Using the growth_rate parameter defined in DenseNet, it is made thinner than the normal model. The actual number of parameters is about 1M, which is significantly less than the 7M parameters of the large model.

In [None]:
!rm -rf ./ckpt
!rm -rf ./logs

In [None]:
%%time
tr_ds, vl_ds, ts_ds = get_dataset()

student = create_NN(
    model_name = "student",
    growth_rate = 12,
)

print(f"Training model: {student.name} (# of params: {student.count_params() / 1e+6:.2f}M)")

student.compile(
    optimizer = AdaBeliefOptimizer(
        learning_rate = HPARAMS.init_lr, 
        epsilon = 1e-14,
        weight_decay = 1e-5,
        rectify = True,
        print_change_log = False,
    ),
    loss = tf.keras.losses.SparseCategoricalCrossentropy(from_logits = True), ## 
    metrics = [tf.keras.metrics.SparseCategoricalAccuracy(name = "acc")],
    steps_per_execution = HPARAMS.steps_per_execution,
)

_ = student.fit(
    tr_ds,
    validation_data = vl_ds,
    steps_per_epoch = HPARAMS.steps_per_epoch,
    validation_steps = HPARAMS.validation_steps,
    epochs = HPARAMS.epochs,
    verbose = 0,
    callbacks = get_callbacks(student.name),
)

print("Done.")

# of training data: 50000
# of validation data: 10000
# of test data: 10000

Global batch size: 256
Steps per epoch: 196.0 (total 1960.0 batches)
Validation steps: 40.0 (total 400.0 batches)

Steps per execution: 16

tr_ds.element_spec: [TensorShape([None, 112, 112, 1]), TensorShape([None])]
vl_ds.element_spec: [TensorShape([None, 112, 112, 1]), TensorShape([None])]
ts_ds.element_spec: [TensorShape([None, 112, 112, 1]), TensorShape([None])]

Training model: student (# of params: 1.03M)
Done.
CPU times: user 6min 17s, sys: 31.6 s, total: 6min 48s
Wall time: 7min 42s


In [None]:
latest_student = load_latest_checkpoint(f"./ckpt/{student.name}", growth_rate = 12)
latest_student.evaluate(ts_ds, verbose = 2)

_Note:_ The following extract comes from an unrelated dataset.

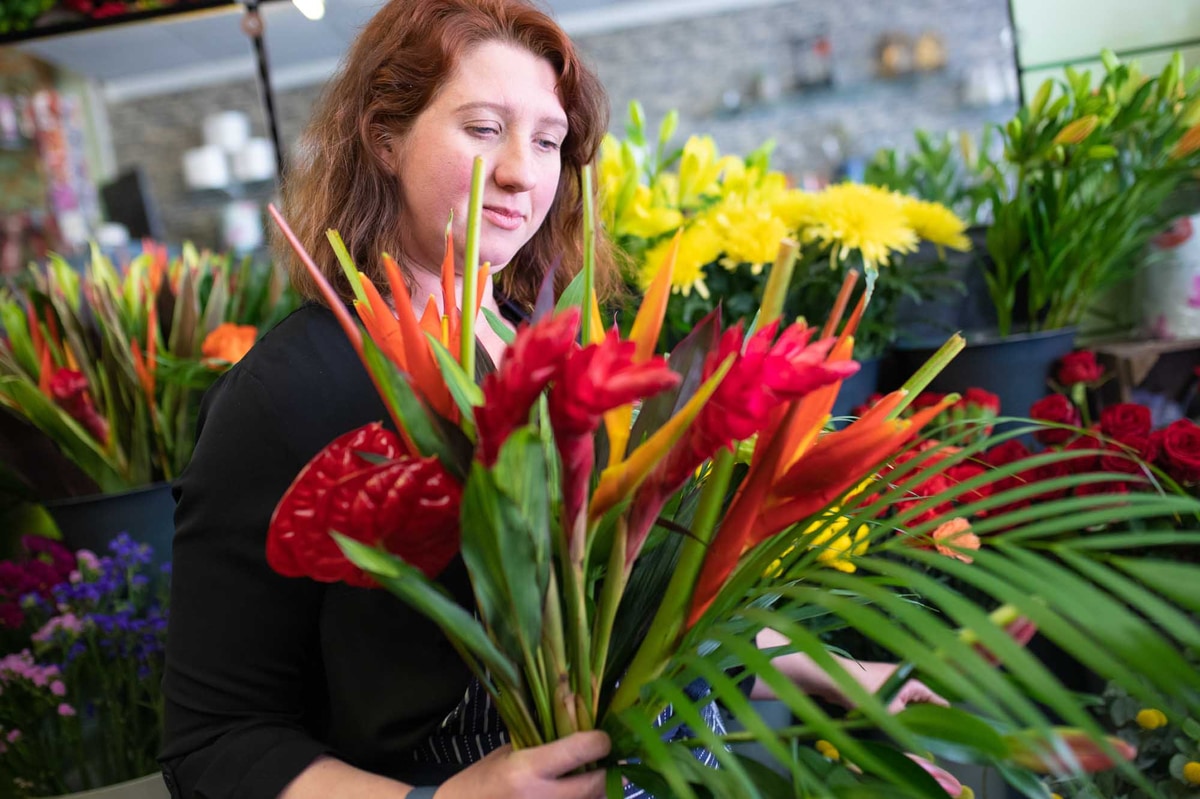 Tropical bouquet ready for arrangement by local florist in Ireland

Load latest checkpoints: ./ckpt/student/cp-004-0.0639.ckpt...
Restored model: student-latest

40/40 - 3s - loss: 1.2587 - sparse_categorical_accuracy: 0.9811


[1.2587331533432007, 0.9811000227928162]

### **Baseline with Large Model**

In [None]:
%%time
## Reducing the batch size in half.
tr_ds, vl_ds, ts_ds = get_dataset(batch_size = HPARAMS.global_batch_size // 2)

teacher = create_NN(
    model_name = "teacher",
    growth_rate = 32,
)

print(f"Training model: {teacher.name} (# of params: {teacher.count_params() / 1e+6:.2f}M)")

teacher.compile(
    optimizer = AdaBeliefOptimizer(
        learning_rate = HPARAMS.init_lr, 
        epsilon = 1e-14,
        weight_decay = 1e-5,
        rectify = True,
        print_change_log = False,
    ),
    loss = tf.keras.losses.SparseCategoricalCrossentropy(from_logits = True), ##
    metrics = [tf.keras.metrics.SparseCategoricalAccuracy(name = "acc")],
    steps_per_execution = HPARAMS.steps_per_execution,
)

_ = teacher.fit(
    tr_ds,
    validation_data = vl_ds,
    steps_per_epoch = HPARAMS.steps_per_epoch,
    validation_steps = HPARAMS.validation_steps,
    epochs = HPARAMS.epochs,
    verbose = 0,
    callbacks = get_callbacks(teacher.name),
)

print("Done.")

# of training data: 50000
# of validation data: 10000
# of test data: 10000

Global batch size: 128
Steps per epoch: 391.0 (total 3910.0 batches)
Validation steps: 79.0 (total 790.0 batches)

Steps per execution: 16

tr_ds.element_spec: [TensorShape([None, 112, 112, 1]), TensorShape([None])]
vl_ds.element_spec: [TensorShape([None, 112, 112, 1]), TensorShape([None])]
ts_ds.element_spec: [TensorShape([None, 112, 112, 1]), TensorShape([None])]

Training model: teacher (# of params: 7.05M)
Done.
CPU times: user 10min 35s, sys: 53.5 s, total: 11min 28s
Wall time: 14min 33s


In [None]:
latest_teacher = load_latest_checkpoint(f"./ckpt/{teacher.name}", growth_rate = 32)
latest_teacher.evaluate(ts_ds, verbose = 2)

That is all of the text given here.